**Problem to work on:** The whole of the data, every line, should come back exactly the same.

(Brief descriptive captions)
[Start of section]
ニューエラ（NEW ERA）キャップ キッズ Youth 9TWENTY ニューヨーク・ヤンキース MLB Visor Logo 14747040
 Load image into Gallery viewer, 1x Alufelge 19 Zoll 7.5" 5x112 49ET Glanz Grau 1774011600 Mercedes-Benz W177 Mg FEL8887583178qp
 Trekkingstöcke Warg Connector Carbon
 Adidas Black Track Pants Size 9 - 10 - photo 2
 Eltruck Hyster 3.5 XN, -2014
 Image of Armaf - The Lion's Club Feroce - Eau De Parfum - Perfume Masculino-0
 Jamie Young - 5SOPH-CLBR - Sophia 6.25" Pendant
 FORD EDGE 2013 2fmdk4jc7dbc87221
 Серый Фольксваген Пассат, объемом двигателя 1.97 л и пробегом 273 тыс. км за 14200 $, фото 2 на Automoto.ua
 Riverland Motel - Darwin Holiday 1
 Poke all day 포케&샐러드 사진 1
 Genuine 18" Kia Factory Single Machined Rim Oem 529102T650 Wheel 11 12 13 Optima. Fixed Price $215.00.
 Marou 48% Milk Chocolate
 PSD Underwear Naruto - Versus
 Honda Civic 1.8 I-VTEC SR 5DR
[End of section]
**Reply to the task:**
ニューエラ（NEW ERA）キャップ キッズ Youth 9TWENTY ニューヨーク・ヤンキース MLB Visor Logo 14747040
 Load image into Gallery viewer, 1x Alufelge 19 Zoll 7.5" 5x112 49ET Glanz Grau 1774011600 Mercedes-Benz W177 Mg FEL8887583178qp
 Trekkingstöcke Warg Connector Carbon
 Adidas Black Track Pants Size 9 - 10 - photo 2
 Eltruck Hyster 3.5 XN, -2014
 Image of Armaf - The Lion's Club Feroce - Eau De Parfum - Perfume Masculino-0
 Jamie Young - 5SOPH-CLBR - Sophia 6.25" Pendant
 FORD EDGE 2013 2fmdk4jc7dbc87221
 Серый Фольксваген Пассат, объемом двигателя 1.97 л и пробегом 273 тыс. км за 14200 $, фото 2 на Automoto.ua
 Riverland Motel - Darwin Holiday 1
 Poke all day 포케&샐러드 사진 1
 Genuine 18" Kia Factory Single Machined Rim Oem 529102T650 Wheel 11 12 13 Optima. Fixed Price $215.00.
 Marou 48% Milk Chocolate
 PSD Underwear Naruto - Versus
 Honda Civic 1.8 I-VTEC SR 5DR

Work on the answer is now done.